======== Data shown

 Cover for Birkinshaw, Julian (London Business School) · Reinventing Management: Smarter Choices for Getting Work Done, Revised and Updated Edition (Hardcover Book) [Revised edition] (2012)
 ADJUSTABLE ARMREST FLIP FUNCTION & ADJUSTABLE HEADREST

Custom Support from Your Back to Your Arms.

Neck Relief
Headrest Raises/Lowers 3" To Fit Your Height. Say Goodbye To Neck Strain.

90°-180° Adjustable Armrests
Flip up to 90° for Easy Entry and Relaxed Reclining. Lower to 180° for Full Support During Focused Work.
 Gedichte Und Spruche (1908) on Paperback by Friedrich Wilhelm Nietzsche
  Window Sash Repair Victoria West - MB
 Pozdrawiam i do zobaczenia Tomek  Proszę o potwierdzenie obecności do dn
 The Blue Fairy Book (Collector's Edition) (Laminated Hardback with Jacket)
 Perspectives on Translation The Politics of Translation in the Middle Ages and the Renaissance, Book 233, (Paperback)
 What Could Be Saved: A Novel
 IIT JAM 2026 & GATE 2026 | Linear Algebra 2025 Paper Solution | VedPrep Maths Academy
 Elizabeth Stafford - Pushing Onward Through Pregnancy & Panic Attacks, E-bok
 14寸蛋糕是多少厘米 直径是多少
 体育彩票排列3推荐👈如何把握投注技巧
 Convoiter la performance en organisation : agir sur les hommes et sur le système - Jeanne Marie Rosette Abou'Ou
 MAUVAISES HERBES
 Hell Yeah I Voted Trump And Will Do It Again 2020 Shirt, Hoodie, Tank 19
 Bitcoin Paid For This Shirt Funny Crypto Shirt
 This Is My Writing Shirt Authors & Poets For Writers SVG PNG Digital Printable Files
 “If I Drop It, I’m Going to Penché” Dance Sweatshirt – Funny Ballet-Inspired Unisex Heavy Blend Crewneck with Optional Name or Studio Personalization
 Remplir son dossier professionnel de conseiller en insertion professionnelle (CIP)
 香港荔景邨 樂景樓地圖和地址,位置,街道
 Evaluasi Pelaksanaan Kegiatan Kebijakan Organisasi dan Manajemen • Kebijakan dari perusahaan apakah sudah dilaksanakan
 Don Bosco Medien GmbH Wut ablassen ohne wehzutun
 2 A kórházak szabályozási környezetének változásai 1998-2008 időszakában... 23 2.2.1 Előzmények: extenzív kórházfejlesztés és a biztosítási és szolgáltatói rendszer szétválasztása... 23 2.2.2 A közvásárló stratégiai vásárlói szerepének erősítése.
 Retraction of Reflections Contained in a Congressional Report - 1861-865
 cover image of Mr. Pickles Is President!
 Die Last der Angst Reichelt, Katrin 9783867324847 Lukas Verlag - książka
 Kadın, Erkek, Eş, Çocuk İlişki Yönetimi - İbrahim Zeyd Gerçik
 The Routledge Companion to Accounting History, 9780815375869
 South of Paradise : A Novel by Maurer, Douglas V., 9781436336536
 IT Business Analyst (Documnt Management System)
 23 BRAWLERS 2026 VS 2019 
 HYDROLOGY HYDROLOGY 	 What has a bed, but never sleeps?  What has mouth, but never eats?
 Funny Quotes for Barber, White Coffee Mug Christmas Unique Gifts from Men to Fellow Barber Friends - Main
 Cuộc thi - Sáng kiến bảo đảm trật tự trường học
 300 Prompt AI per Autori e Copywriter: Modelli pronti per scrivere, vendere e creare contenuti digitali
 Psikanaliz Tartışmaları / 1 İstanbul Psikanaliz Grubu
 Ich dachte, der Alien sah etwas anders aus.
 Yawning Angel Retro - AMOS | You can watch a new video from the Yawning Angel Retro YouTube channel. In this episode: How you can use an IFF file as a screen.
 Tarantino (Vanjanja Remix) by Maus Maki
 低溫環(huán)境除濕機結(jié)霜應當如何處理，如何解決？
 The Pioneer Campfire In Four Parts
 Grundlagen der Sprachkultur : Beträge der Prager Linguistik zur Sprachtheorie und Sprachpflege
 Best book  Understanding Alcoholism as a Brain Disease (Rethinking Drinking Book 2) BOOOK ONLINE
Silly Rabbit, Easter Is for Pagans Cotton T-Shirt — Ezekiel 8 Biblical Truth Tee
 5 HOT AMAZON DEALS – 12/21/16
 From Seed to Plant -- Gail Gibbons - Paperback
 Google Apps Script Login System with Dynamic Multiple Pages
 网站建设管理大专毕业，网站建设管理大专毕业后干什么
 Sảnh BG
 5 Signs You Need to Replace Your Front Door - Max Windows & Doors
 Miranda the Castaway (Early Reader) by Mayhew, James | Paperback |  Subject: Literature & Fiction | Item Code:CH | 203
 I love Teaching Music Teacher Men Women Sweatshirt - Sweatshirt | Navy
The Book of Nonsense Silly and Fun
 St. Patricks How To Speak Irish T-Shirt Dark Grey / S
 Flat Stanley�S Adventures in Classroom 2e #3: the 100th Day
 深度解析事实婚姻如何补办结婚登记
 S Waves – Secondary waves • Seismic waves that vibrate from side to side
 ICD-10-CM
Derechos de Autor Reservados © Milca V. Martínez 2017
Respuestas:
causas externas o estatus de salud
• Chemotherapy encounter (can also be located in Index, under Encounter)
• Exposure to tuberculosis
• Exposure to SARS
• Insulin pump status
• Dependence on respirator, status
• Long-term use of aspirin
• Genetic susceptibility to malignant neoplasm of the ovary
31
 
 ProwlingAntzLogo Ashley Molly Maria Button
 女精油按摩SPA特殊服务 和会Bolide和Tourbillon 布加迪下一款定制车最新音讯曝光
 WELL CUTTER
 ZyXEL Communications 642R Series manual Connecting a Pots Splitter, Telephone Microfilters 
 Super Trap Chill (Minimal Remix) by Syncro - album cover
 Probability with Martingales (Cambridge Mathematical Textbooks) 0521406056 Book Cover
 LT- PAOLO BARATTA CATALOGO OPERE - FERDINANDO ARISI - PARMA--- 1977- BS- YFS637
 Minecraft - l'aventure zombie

================

Directions ::
Copy each line of the records above that carries the word "Remix".

Exercise response ::
 Tarantino (Vanjanja Remix) by Maus Maki
 Super Trap Chill (Minimal Remix) by Syncro - album cover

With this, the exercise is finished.